Abbreviations

abbreviation expansion punctuation phrase-level encoding
abbr expan abbr expan choice

Encoding of abbreviations using abbr, including a list of common abbreviations which are not tagged, and treatment of punctuation

Abbreviations are one of several textual features in which two readings are captured: in this case, the abbreviation and its expansion. For purposes of this discussion, we consider abbreviations to include acronyms, contractions, brevigraphs, and any other cases where a shorter form of a word or phrase has been substituted for a longer form.

There is a wide range of textual features which can be loosely classed as some kind of abbreviation: some have become so firmly embedded in the language that they are never seen in expanded form and in fact their expanded form may be completely unfamiliar to readers (for instance, viz. for videlicet). Others have expansions so obvious that providing them explicitly is hardly useful (for instance, the expansion of p. to page). Somewhere in the middle lie the abbreviations whose expansion is likely to be helpful to readers.

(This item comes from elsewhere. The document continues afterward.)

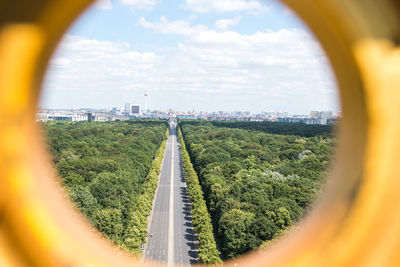 Scenic view of cityscape and street seen through hole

You should take stock of what kinds of abbreviations you have in your text, and which ones it makes sense to bother encoding. Common abbreviations which will never need expanding and whose meaning is clear to a modern reader (such as Mr., Dr., etc., NB, Ave., can’t, and so forth) probably need not be encoded at all. In very early texts, the use of macrons and other marks to indicate omitted letters or contractions should be encoded as abbreviations to permit consistent searching. (See Encoding brevigraphs for more detail.)

In general it makes sense to encode abbreviations at the level of granularity at which they will be expanded: in other words, expand an entire abbreviation as a unit rather expanding its component pieces. So for instance the word fo’c’s’le should be encoded (in P5) as

<choice>
<abbr>fo’c’s’le</abbr>
<expan>forecastle</expan>
</choice>

rather than

fo
<choice>
   <abbr>‘</abbr>
   <expan>re</expan>
</choice>
c
<choice>
   <abbr>’</abbr>
   <expan>a</expan>
</choice>
s
<choice>
   <abbr>’</abbr>
   <expan>t</expan>
</choice>
le

Abbreviations in P4

In P4, the TEI provides two choices for encoding such features, one which foregrounds the abbreviated form and one which foregrounds the expanded form. The two examples below show exactly the same information, but with a different textual emphasis:

I spoke to the <abbr expan="Duchess">D.</abbr> this morning.

I spoke to the <expan abbr="D.">Duchess</expan> this morning.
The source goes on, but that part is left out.